Does Shaw Communications (TSE:SJR.B) Have A Healthy Balance Sheet?

By
Simply Wall St
Published
November 28, 2019
TSX:SJR.B
Source: Shutterstock

Some say volatility, rather than debt, is the best way to think about risk as an investor, but Warren Buffett famously said that 'Volatility is far from synonymous with risk. So it seems the smart money knows that debt - which is usually involved in bankruptcies - is a very important factor, when you assess how risky a company is.
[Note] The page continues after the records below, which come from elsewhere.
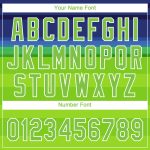 Custom Neon Green Baseball Jersey with Royal 3D Pattern Design - Authentic Sports Apparel Custom Neon Green Neon Green-Royal - Image 5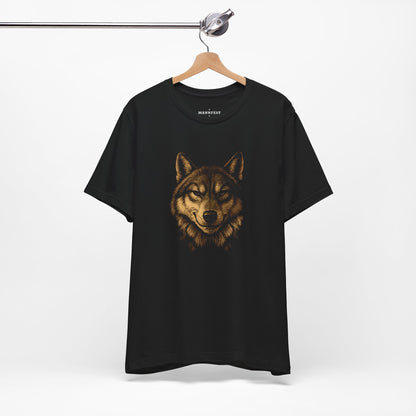 Sly smirking wolf T-shirt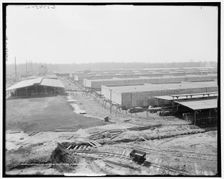 Cotton shed, Memphis Warehouse Co., Memphis, Tenn., between 1900 and 1915. Creator: Unknown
Importantly, Shaw Communications Inc. (TSE:SJR.B) does carry debt. But the real question is whether this debt is making the company risky.

Why Does Debt Bring Risk?

Debt and other liabilities become risky for a business when it cannot easily fulfill those obligations, either with free cash flow or by raising capital at an attractive price. Part and parcel of capitalism is the process of 'creative destruction' where failed businesses are mercilessly liquidated by their bankers. While that is not too common, we often do see indebted companies permanently diluting shareholders because lenders force them to raise capital at a distressed price. Of course, debt can be an important tool in businesses, particularly capital heavy businesses. The first thing to do when considering how much debt a business uses is to look at its cash and debt together.

Check out our latest analysis for Shaw Communications

What Is Shaw Communications's Net Debt?

As you can see below, at the end of August 2019, Shaw Communications had CA$5.35b of debt, up from CA$4.35b a year ago. Click the image for more detail. On the flip side, it has CA$1.45b in cash leading to net debt of about CA$3.90b.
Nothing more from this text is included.